──────── DATA SHOWN ────────
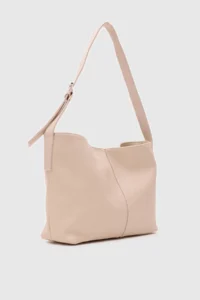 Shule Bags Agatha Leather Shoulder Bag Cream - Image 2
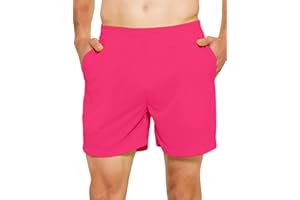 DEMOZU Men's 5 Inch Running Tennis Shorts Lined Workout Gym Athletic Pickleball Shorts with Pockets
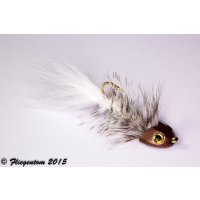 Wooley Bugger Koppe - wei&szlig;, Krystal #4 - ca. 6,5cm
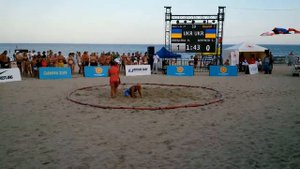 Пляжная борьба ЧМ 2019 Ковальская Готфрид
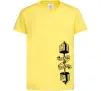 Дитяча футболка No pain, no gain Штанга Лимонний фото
────────
──────── DATA SHOWN ────────
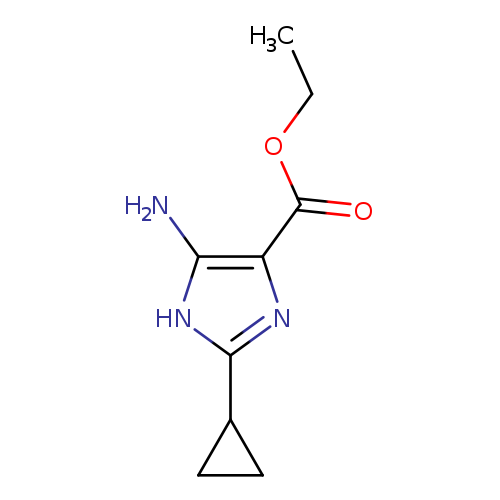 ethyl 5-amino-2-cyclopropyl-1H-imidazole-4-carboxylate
────────
──────── DATA SHOWN ────────
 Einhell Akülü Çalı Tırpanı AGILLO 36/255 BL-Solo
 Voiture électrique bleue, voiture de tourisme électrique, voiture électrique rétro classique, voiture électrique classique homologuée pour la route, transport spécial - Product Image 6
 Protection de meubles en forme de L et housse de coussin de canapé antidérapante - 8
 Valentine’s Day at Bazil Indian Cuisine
────────
From the line containing "Shule Bags Agatha" through the line containing "Дитяча футболка No", copy every line above exactly, without pictures.

ANSWER AREA –
 Shule Bags Agatha Leather Shoulder Bag Cream - Image 2
 DEMOZU Men's 5 Inch Running Tennis Shorts Lined Workout Gym Athletic Pickleball Shorts with Pockets
 Wooley Bugger Koppe - wei&szlig;, Krystal #4 - ca. 6,5cm
 Пляжная борьба ЧМ 2019 Ковальская Готфрид
 Дитяча футболка No pain, no gain Штанга Лимонний фото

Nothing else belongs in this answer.